In addition, an SoC model can convincingly beat (single-agent)
state-of-art methods on a challenging domain. An SoC model can use
domain-specific knowledge to improve performance. RL can be scaled
up such that it can be applied in specific real-world systems, for
example complex dialogue systems or bot environments. In this
context, using domain knowledge to achieve good performance on an
otherwise intractable domain is acceptable. SoC is illustrated in
at least two specific settings, called action aggregation, and
ensemble RL. SoC's expressive power is wider and that other SoC
settings are possible.
[0310] The SoC configuration used in the some embodiments included
a high-level agent with only communication actions and a low-level
agent that only performs environment actions. As an example of a
variation, alternative configurations that use more than two agents
can be substituted. The reward function in reinforcement learning
often plays a double role: it acts as both the performance
objective, specifying what type of behavior is desired, as well as
the learning objective, that is, the feedback signal that modifies
the agent's behavior. That these two roles do not always combine
well into a single function becomes clear from domains with sparse
rewards, where learning can be prohibitively slow. The SoC model
addresses this by fully separating the performance objective,
including the reward function of the environment, from the learning
objectives of the agents, including their reward functions.
[0311] Separation between performance objective and learning
objective further separates the SoC model from options. Options,
once learned, aggregate the rewards obtained from the environment.
Hence, the top-level agent of a hierarchical system based on
options learns a value function based on the environment
reward.
[0312] In some examples, there is a framework for solving
single-agent tasks using multiple agents where different agents are
concerned with different parts of the task.
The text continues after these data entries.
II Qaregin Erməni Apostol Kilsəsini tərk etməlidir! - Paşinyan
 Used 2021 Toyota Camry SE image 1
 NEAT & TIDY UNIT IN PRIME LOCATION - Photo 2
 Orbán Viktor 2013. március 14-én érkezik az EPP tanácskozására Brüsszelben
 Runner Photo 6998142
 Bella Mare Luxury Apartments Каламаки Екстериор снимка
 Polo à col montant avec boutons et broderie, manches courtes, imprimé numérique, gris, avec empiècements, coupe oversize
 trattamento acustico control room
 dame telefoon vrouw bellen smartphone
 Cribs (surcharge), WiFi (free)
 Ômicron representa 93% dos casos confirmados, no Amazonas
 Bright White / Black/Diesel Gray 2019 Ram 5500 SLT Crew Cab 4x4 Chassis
Conditions under which
convergence of Q-learning occurs (to a recursive optimal policy)
were identified and validated.
[0313] Disclosed embodiments further relate to a Hybrid Reward
Architecture (HRA). One of the strengths of HRA is that it can
exploit domain knowledge to a much greater extent than single-head
methods. This was shown clearly by the fruit collection task: while
removing irrelevant features caused a large improvement in
performance for HRA, for DQN no effective learning occurred when
provided with the same network architecture. Furthermore,
separating the pixel image into multiple binary channels only
caused a small improvement in the performance of A3C over learning
directly from pixel. This demonstrates that the reason that modern
deep RL struggle with Ms. Pac-Man is not related to learning from
pixels; the underlying issue is that the optimal value function for
Ms. Pac-Man cannot easily be mapped to a low-dimensional
representation.
[0314] HRA performs well in the MS. PAC-MAN experiment, in part, by
learning close to 1800 general value functions. This results in an
exponential breakdown of the problem size: whereas the input
state-space corresponding with the binary channels is in the order
of 10.sup.77, each GVF has a state-space in the order of 10.sup.3
states, small enough to be represented without function
approximation. While a deep network for representing each GVF could
have been used, using a deep network for such small problems can
hurt more than it helps, as evidenced by the experiments on the
fruit collection domain.
[0315] Many real-world tasks allow for reward decomposition. Even
if the reward function can only be decomposed in two or three
components, reward decomposition can provide significant
improvements due to the exponential decrease of the problem size
that decomposition might cause.
Example Processes
[0316] FIG. 32 illustrates an example process 2200 for taking an
action with respect to a task using separation of concerns. The
process 2200 can begin with the flow moving to operation 2202,
which involves obtaining the task. Following operation 2202, the
flow can move to operation 2204, which involves decomposing the
task into a plurality of agents. Following operation 2204, the flow
can move to operation 2206, which involves training the plurality
of agents. Following operation 2206, the flow can move to operation
2208, which involves taking an action with respect to the task
based on the agents.
[0317] As should be appreciated, the disclosed steps of process
2200 are described for purposes of illustrating the present methods
and systems and are not intended to limit the disclosure to a
particular sequence of steps. For example, the steps may be
performed in differing order, two or more steps may be performed
concurrently, additional steps may be performed, and disclosed
steps may be excluded without departing from the present
disclosure.
[0318] FIG. 33 illustrates an example separation of concerns engine
2300 implementing a process 2301 for completing a task using
separation of concerns. The process can begin with the flow moving
to operation 2302, which involves obtaining agents. Following
operation 2302, the flow can move to operation 2304, which involves
obtaining a task. Following operation 2304, the flow can move to
operation 2306 and then operation 2308. Operation 2306 involves
observing a portion of the state space of the task. Operation 2308
involves selecting an action. Operations 2306 and 2308 can be
performed for each agent. Following operation 2306 and operation
2308, the flow can move to operation 2310, which involves selecting
an action from the actions selected with each agent. Following
operation 2310, the flow can move to operation 2312, which involves
performing the selected action with respect to the task. If the
task is complete following the action, the method can end. If the
task is not complete, the flow can return to operation 2306 where a
portion of an updated state space of the task is observed.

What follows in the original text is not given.